Periode keempat, periode skripturalisme Qur’ani.[6]
Periode ini lahir setelah periode Ahmad Khan dan Muhammad Abduh. Gerakan
skripturalisme ini ditandai dengan adanya ahli Al-Qur’an yang memiliki
pertentangan dengan ahl hadis. Dalam hal ini ahli Al-Qur’an memandang
bahwasanya mengikuti hadis nabi merupakan sebuah kemalangan. Sebaliknya, ahli
hadis memandang bahwasanya taklid merupakan sebuah bentuk awal dari
penyimpangan dan perpecahan yang dialami oleh umat Islam. Selain itu, ahli
hadis juga beranggapan bahwasanya keautentikan warisan Islam hanya dapat diraih
dengan cara mempelajari hadis.
Ahli Al-Qur’an memandang bahwasanya Islam yang murni hanya dapat
dicapai melalui Al-Qur’an, dan menurutnya bahwasanya Al-Qur’an merupakan satu-
satunya sumber yang adil dan tidak ada keraguan di dalamnya. Jika berkaca pada
pertentangan tersebut, maka yang dihasilkan kedua kelompok ini merupakan salah
satu cikal bakal atau pemahaman inkar al-sunnah dan inkar al-hadits.

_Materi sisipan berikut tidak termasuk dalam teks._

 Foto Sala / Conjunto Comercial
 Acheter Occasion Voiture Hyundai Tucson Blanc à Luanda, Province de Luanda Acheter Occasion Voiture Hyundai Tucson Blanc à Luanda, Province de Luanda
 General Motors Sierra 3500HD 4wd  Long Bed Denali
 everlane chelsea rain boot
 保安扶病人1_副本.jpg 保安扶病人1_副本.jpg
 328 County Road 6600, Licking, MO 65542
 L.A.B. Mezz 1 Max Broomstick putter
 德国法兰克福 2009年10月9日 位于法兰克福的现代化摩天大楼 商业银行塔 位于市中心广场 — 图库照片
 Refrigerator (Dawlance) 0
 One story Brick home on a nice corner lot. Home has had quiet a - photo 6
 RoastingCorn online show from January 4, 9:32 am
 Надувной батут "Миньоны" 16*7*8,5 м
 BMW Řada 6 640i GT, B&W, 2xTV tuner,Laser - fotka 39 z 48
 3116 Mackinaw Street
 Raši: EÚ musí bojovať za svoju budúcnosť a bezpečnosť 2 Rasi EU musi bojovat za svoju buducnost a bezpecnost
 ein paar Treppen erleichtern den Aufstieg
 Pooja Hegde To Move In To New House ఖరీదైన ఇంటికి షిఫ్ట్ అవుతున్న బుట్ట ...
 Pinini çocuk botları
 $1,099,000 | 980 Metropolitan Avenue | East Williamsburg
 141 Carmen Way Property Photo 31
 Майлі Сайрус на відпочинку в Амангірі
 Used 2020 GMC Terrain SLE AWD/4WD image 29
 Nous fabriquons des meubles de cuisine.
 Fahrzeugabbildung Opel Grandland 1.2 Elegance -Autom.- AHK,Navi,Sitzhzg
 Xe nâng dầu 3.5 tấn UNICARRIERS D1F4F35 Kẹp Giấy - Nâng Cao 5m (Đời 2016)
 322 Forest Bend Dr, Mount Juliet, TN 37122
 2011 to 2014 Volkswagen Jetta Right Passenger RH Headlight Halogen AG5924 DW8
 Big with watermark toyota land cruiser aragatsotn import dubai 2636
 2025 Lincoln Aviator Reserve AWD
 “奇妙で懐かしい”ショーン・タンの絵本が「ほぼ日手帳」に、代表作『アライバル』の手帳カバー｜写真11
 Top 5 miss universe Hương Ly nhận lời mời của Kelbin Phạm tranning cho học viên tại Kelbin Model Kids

Terkait dengan itu, Shidiq mengemukakan bahwasanya Rasulullah tidak pernah
menyatakan perilaku-perilakunya dapat ditiru secara menyeluruh/rinci. Maka
dengan begitu seorang muslim harus bersandar pada Al-Qur’an. Apa yang
dikemukakan Shidiq tersebut pada akhirnya mendapatkan respons dari Rasyid Ridha
terkhususnya terkait keautentikan hadis. dalam hal ini ia memiliki tujuan untuk
membangkitkan pandangan masyarakat terhadap hadis/sunnah. Dalam pandangannya
juga, Ridha pada akhirnya memberikan sebuah penilaian seperti sunnah atau hadis
yang tidak diperselisihkan ialah sunnah yang menyangkut masalah amaliyah.
Dikatakan pula bahwasanya motivasi keduanya (Shidiq dan Rido) dalam
memberlakukan hadis pada dasarnya sama, yaitu untuk meruntuhkan sikap taklid
yang sudah menjamur di tengah-tengah kaum muslimin.
Isu tentang Otentisitas Hadis
Salah satu tantangan modernitas yang sering dilontarkan untuk
meragukan bahkan menolak keberadaan hadis Nabi SAW adalah persoalan metode
klasik kritisisme hadis, yakni sistem isnad. Teori sistem isnad seringkali
dituduh sebagai buatan para ulama’ hadis dan tidak pernah ada pada zaman Nabi
SAW atau bahkan sahabat. Sebesar apapun dedikasi para muhaddisun, masa
hidup mereka terlalu jauh dari masa hidup Nabi, dan pemalsuan telah merajalela
(hadis asli dan palsu bercampur baur) sehingga keaslian hadis sangat sulit
didapat. Walaupun sebenarnya telah ada sistem Isnad yang dibangun oleh para
ulama’ ahli hadis klasik, namun hal itu banyak diragukan oleh para ulama’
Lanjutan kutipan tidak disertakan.